The demonstrators were protesting the election of a new speaker supported by the Social Democrats and parties representing the country’s ethnic Albanian minority, about one-quarter of the population.

Protesters threw chairs and punches and shouted “traitors” at the lawmakers during the clash, according to The Associated Press, with video showing one member of the Social Democrats, Radmila Sekerinska, being grabbed by her hair and tossed backward. Journalists working inside the building were also attacked by the protesters.

About 200 protesters stormed into Parliament, according to Reuters, overwhelming the few police officers securing the building in Skopje, the country’s capital.

Macedonia has been in a two-year political deadlock since a wiretapping scandal revealed corruption, election rigging and other criminal activities at the highest levels of government in 2015.

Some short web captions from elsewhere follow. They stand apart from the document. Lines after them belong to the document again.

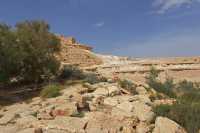 57 En Avdat - Sommet sud du canyon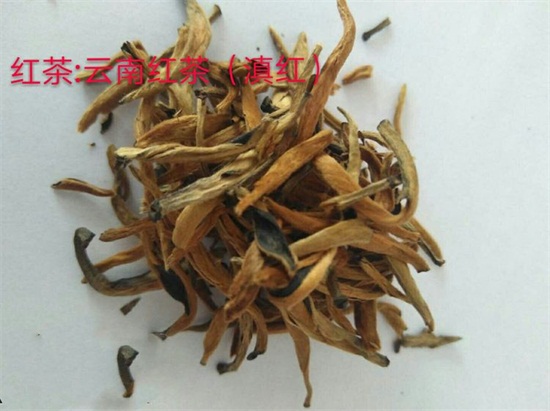 20种茶叶看图认茶，茶叶种类图片对照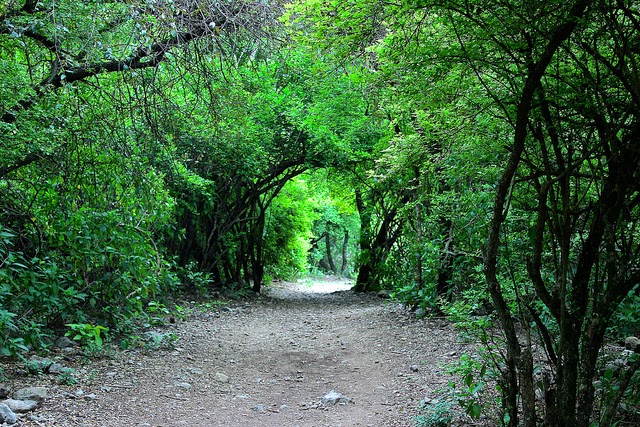 Margalla 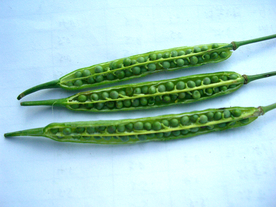 油菜夹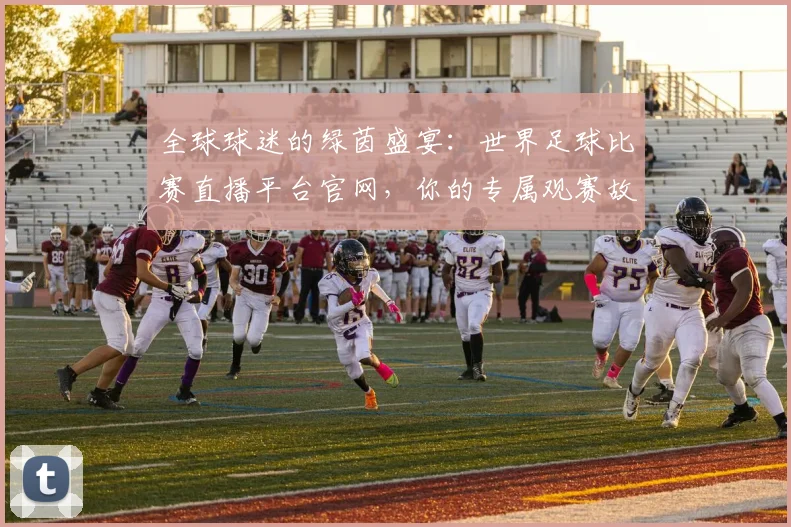 全球球迷的绿茵盛宴：世界足球比赛直播平台官网，你的专属观赛故事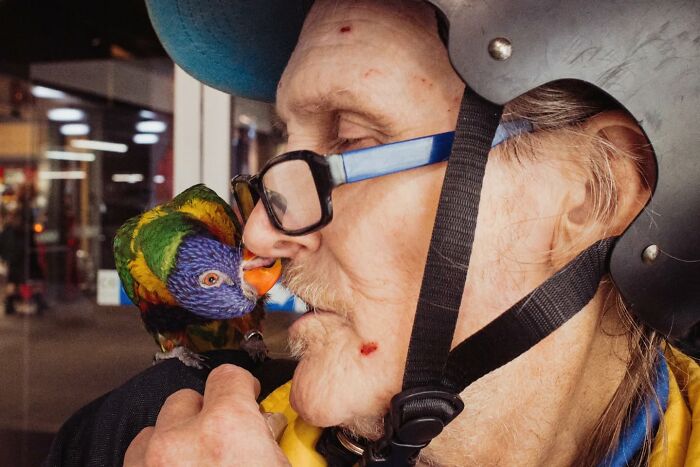 Close-up candid street photo of man wearing helmet and glasses kissing a colorful parrot on his hand.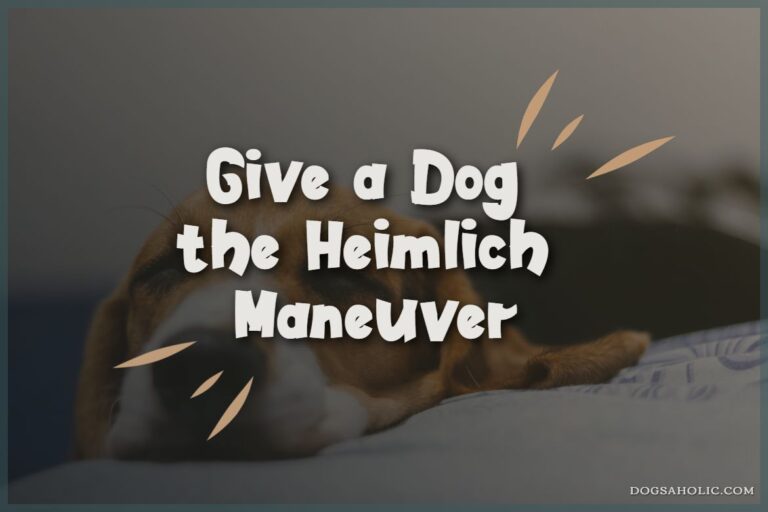 How to Give a Dog the Heimlich Maneuver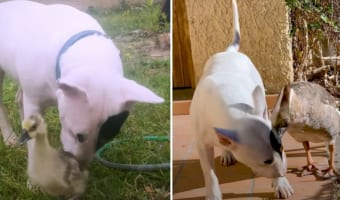 きょうだいのようなガチョウとブルテリア。成長しても仲良しな、その温かくて美しい関係性にグッとくる！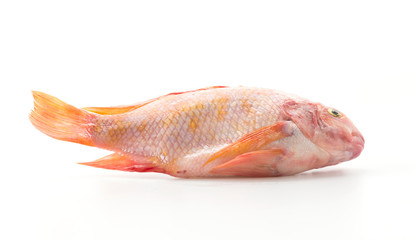 Red Tilapia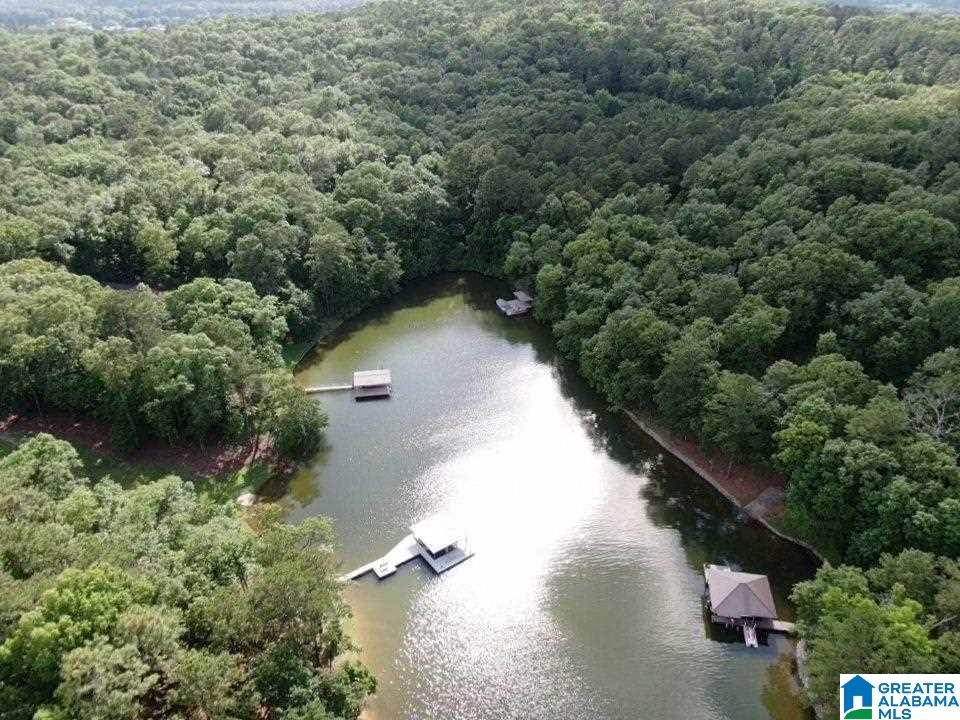 620 Black Acres Road Cropwell, AL 35054 - Photo 4 of 44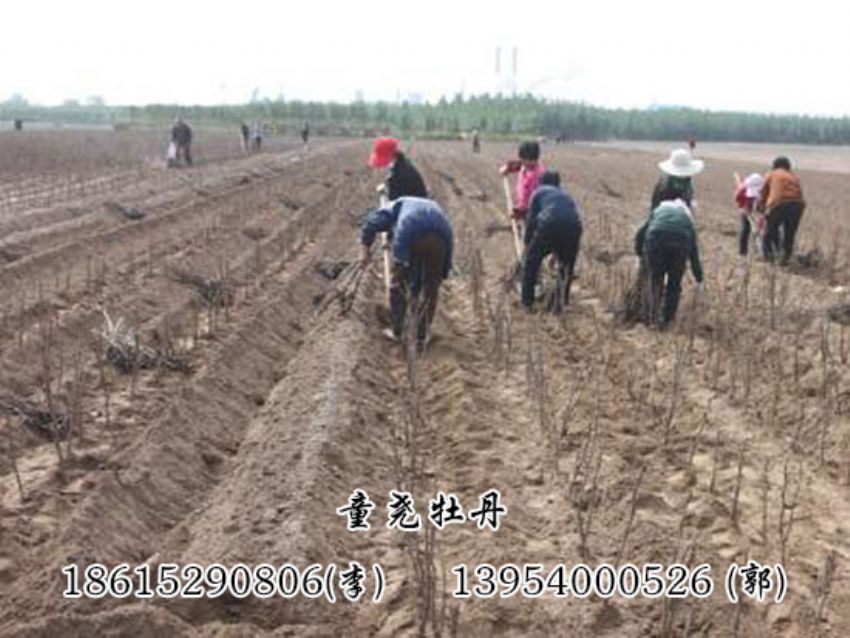 点击查看详细信息<br>标题：种植现场 阅读次数：1435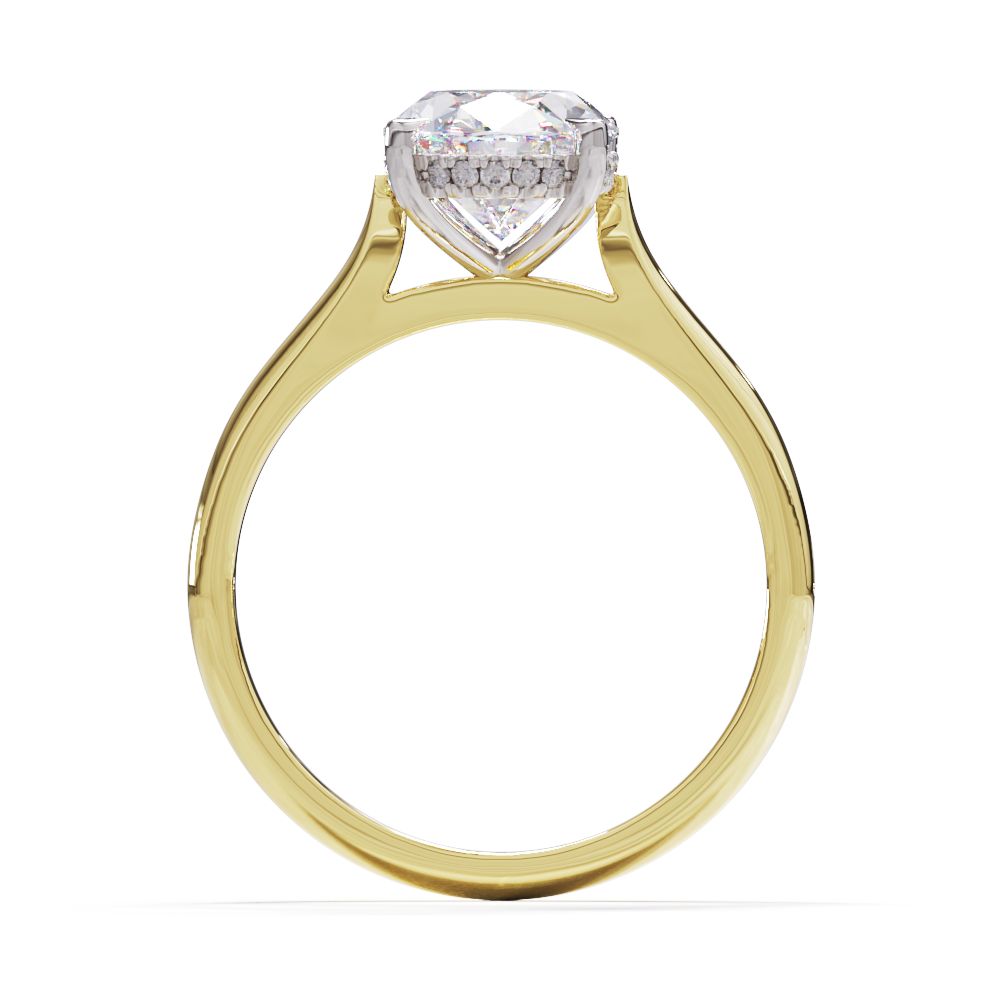 An oval solitare engagement ring with a halo of round pave diamond. Set in a platinum setting on a yellow gold band.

An election in December resulted in a virtual tie between the Social Democrats and the conservative Internal Macedonian Revolutionary Organization-Democratic Party. While the conservatives won by a very narrow margin, they did not pick up enough seats to form a government.

Mr. Zaev of the Social Democrats has cobbled together a majority through a coalition with the Democratic Union for Integration, an ethnic Albanian party. But for months, the president of Macedonia, Gjorge Ivanov, has refused to give him the mandate to form a government, citing “legal and political” reasons.

On Thursday, the majority elected Talat Xhaferi, a former defense minister and member of the Democratic Union for Integration, as speaker. Part of his role would include formally petitioning the president to ask Mr. Zaev to form a government.

This vote set off at violent clash in which police and protesters were also injured. Some of the protesters were bare-chested, others wore masks, and many were waving Macedonia’s flag.

Conservative lawmakers labeled the vote a coup.

Macedonia, a Balkan nation of about 2.1 million people, is a candidate for joining the European Union, and officials from the bloc criticized the violence and called the election of Mr. Xhaferi a “positive note.”

“We condemn in the strongest terms today’s ongoing attacks on the members of the Parliament in Skopje,” said Federica Mogherini, high representative for foreign affairs and security policy at the European Union, and Johannes Hahn, the bloc’s commissioner for enlargement. “Democracy must run its course. We take positive note of the election of Talat Xhaferi as Speaker of the Parliament.”

The demonstrators controlled the Parliament until a much larger group of police reinforcements arrived and managed to push them outside. The police then used stun grenades to disperse the crowd around the building to clear a path to evacuate the lawmakers, Reuters reported.

For almost two months, supporters of the conservative party have gathered in Skopje and throughout the country, claiming that they will prevent any attempt by Mr. Zaev to form a government. The protesters oppose the coalition’s call to grant greater rights to ethnic Albanians, including by making Albanian an official language across Macedonia.